How to Productionize an AWS .Net Serverless Application
Part 1

The AWS .Net serverless blueprints are a great way to get started coding your serverless application. My personal favourite is the serverless.AspNetCoreWebAPI which sets up an AWS Web API complete with controllers to show you how to start coding. For a quick proof of concept, or some internal experimentation, this is a perfect starting point. However, before you deploy your fancy new serverless application into a production environment, and expose it to your end users, there are a few things you should consider doing to harden or “productionize” your application.

In this series, I will show step-by-step how to take the serverless.AspNetCoreWebAPI template and make it ready for production use. Similar approaches can be applied to other blueprints. You can follow along each step with my github example project. Most of the following recommendations are based on concepts in the AWS Well Architected Framework which is a set of principles to consider when deploying workloads on AWS.

The serverless blueprints always create a serverless.template SAM template. Personally the first thing I do is convert this to a yaml format, because I prefer yaml. But this is just a personal preference. If you are more comfortable with json, then go with what you prefer.
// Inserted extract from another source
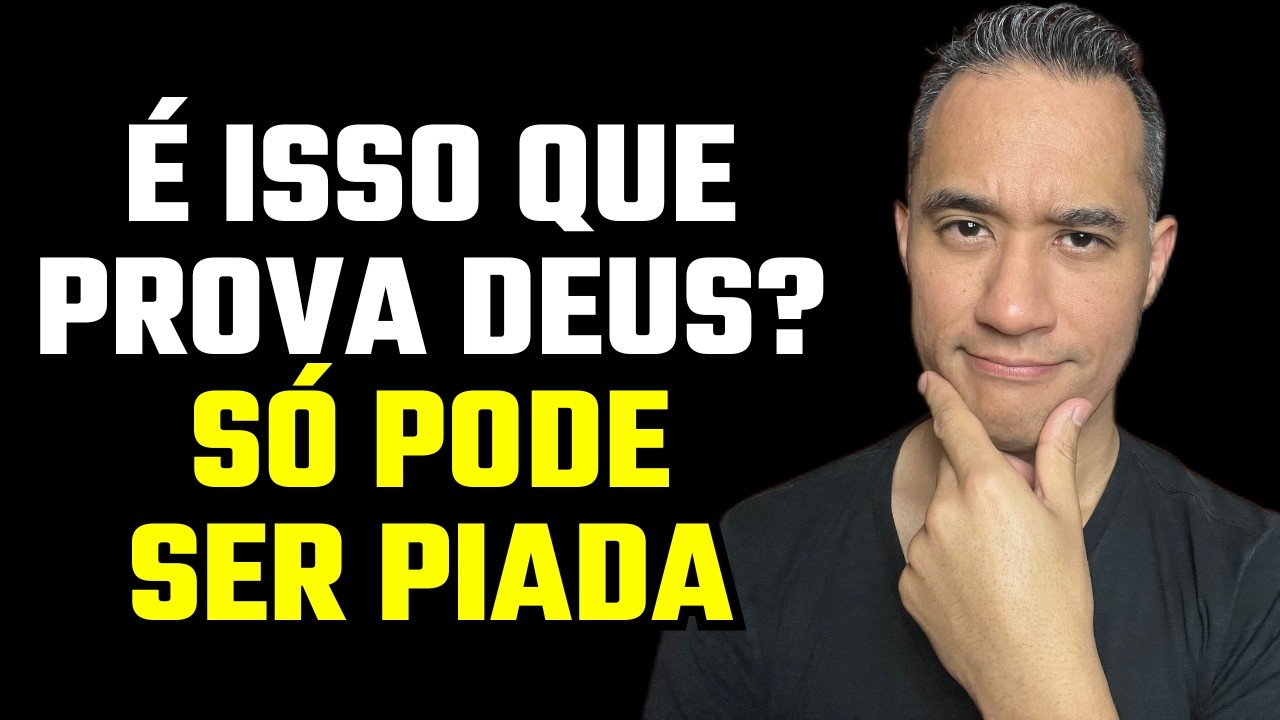 Ateu Destrói Argumento Cosmológico de Kalam | William Lane Craig Completamente Refutado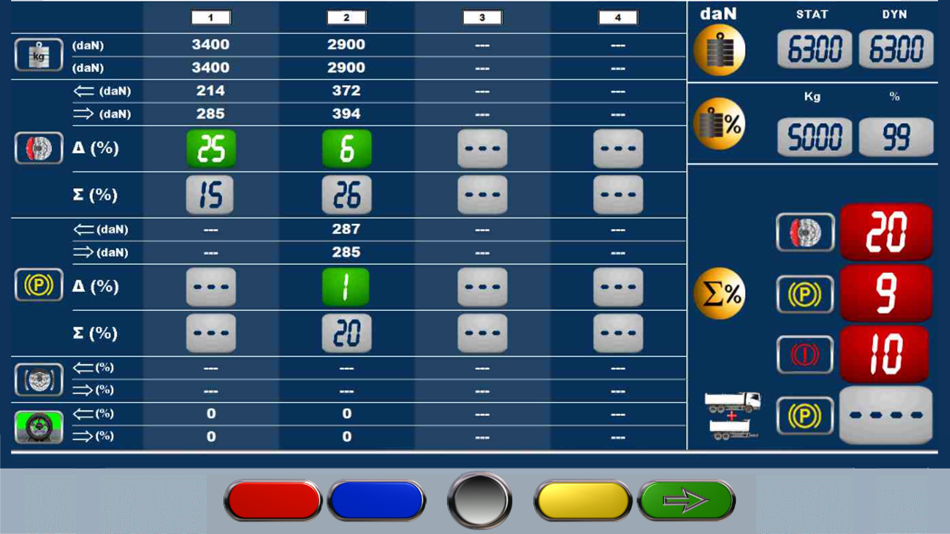 #4. Test Lane Connect (iOS) 由: Equipment Group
Explicitly Create your LogGroup for your Lambda

By default, the templates don’t create CloudWatch Log Groups for your Lambda, and when this happens, Lambda will automatically create a log group on its first invocation. This log group will have a default retention period of “Never Expires” which in reality, you probably don’t want. If your Lambda is called frequently, logs could accumulate over time, and start to cost you just for storage of the logs. It is vital that you are able to set a retention policy on these log groups. You may also want to set different retention periods for different environments. For example, you may want to set a short log retention for anything in a test environment (e.g. 7 days), but potentially a longer retention period (e.g. 90 days) in production to aid in historic fault analysis. In order to set the retention period, you need to explicitly create the log group yourself. This will require the name of the Lambda. If you decide to explicitly set the Name of your Lambda function (not the default), then it’s straight forward

  MyLambdaLogGroup:
    Type: AWS::Logs::LogGroup
    Properties:
      LogGroupName: "/aws/lambda/MyExplicitlyNamedLambda"
      RetentionInDays: 90

But if (like me) you don’t like explicitly naming cloudformation resources if you can avoid it, then you need to reference the lambda function and extract its name

  ProductionizeLogGroup:
    Type: AWS::Logs::LogGroup
    Properties:
      LogGroupName: !Sub "/aws/lambda/${AspNetCoreFunction}"
      RetentionInDays: 90

To set the retention period for different environments, simply introduce a parameter into your SAM template

Parameters:

  LogRetentionPeriod:
    Type: String
    Description: The number of days the lambda logs are retained for
    Default: 7

And then refer to it:

 ProductionizeLogGroup:
    Type: AWS::Logs::LogGroup
    Properties:
      LogGroupName: !Sub "/aws/lambda/${MyApiFunction}"
      RetentionInDays: !Ref LogRetentionPeriod

This will allow you to set it appropriately for your different environments by explicitly providing the parameter when the default is not appropriate.

See example commit here

Note: if you have already deployed and tested the default template before adding the LogGroup resource to it, you will have to delete the log group manually otherwise the template will fail to deploy saying the LogGroup already exists.

Introduce an Explicit Role for the Lambda

By default in the SAM template the lambda role is set to null, which is a bit deceptive, because under the hood, the serverless transform actually goes ahead and creates a role and associates it with your lambda. This role will have the following 2 managed policies

This is all well and good for being able to start coding using Lambda, but very quickly you’ll need to start adding different permissions depending on what you are doing. Also, there are many permissions you don’t need or want in these managed roles. Worst of all, the permissions apply to all resources in your account, and any other account that has explicitly granted access to your account because of the Resource:'*' in the managed policies.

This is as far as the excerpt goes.